Over the years I have been asked to explain the value of personas. After all, they come in all shapes and sizes and can be expensive to create when you set out to do it right. When I say right, I mean supported by contextual research into the circumstances of the target audience followed by a thorough analysis of that context, which results in great information design artifacts capturing the essence of the personas. This qualitative form of persona can also be enhanced by subsequent quantitative research, which may provide accurate insights into the relative size, value, and desires of personas, acting more as market segmentation and supporting business strategy. This balanced qualitative/quantitative approach can be very useful when integrating business and design teams to form a viable customer-focused strategy. The following is a short list of factors that make personas a very valuable strategic design tool for business.
How personas are a driver of digital innovation, in no particular order…
> Provide a framework for generating ideas that satisfy a particular audience
> Each persona is a channel for capturing insights and generating ideas
> Drivers of user-generated innovation…based on real needs, responding to certain behaviors and motivations
> After conducting extensive consumer research the creation of personas is an excellent tool for synthesizing the information discovered
> They keep the design and business team objective in identifying needs etc.

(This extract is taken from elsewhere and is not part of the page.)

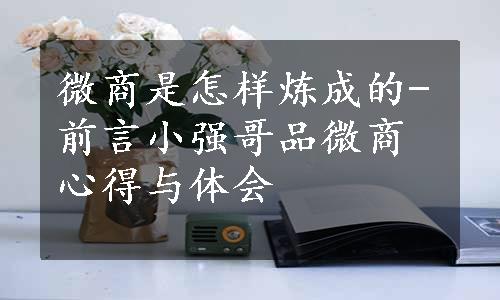 微商是怎样炼成的-前言小强哥品微商心得与体会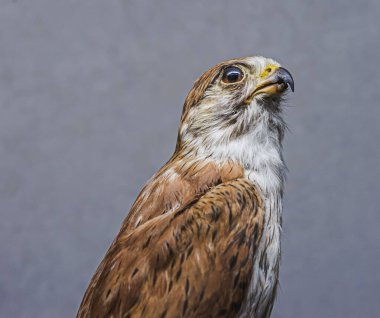 Gri arkaplana karşı doldurulmuş bir akbaba.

> Enables designers to empathize with a target audience
> They have the potential to generate a-ha moments for business
> They can tie ideas and concepts back to real market segmentation
> Supports the generation of measurement strategies by tying brought-to-market concepts back to specific market segments…targeted validation
> A persona is a cognitive shorthand to understanding a large body of information
Informs the creation of key user experience deliverables especially information architecture and content strategy
It is also worth calling out the benefits of a program of Persona Socialization, where personas are introduced to the business through a variety of means and materials…
> Allows internal business teams keep their eyes on the prize, when bringing new products and services to market
> Helps communication and consensus between internal teams tasked with bringing new products and services to market
> Provides a solid basis for personifying target audiences over time
Please feel free to add to this growing list!

Nice one Brian!
All of the above indeed! I’m currently preparing a persona workshop for a large client with my team. One of the things we’re using the personas for is to trigger the debate on which parts of the user experience can be targeted to a specific audience and which parts must satisfy all groups. That question can partly be answered by looking at which personas would require a specific approach and which would be satisfied by a ‘generic’ approach. What we’re discovering is that this depends largely on which part of the journey you’re looking at. That’s why we often use personas in conjunction with customer journey mapping.
Thanks for the inspiration!
Erik
Thanks, Erik. What you outline as an approach makes a lot of sense. Different strokes for different folks because no ones journey is exactly the same. I think you are inspiring my next persona-oriented blog…to go into details on the practical use of personas to support design methods!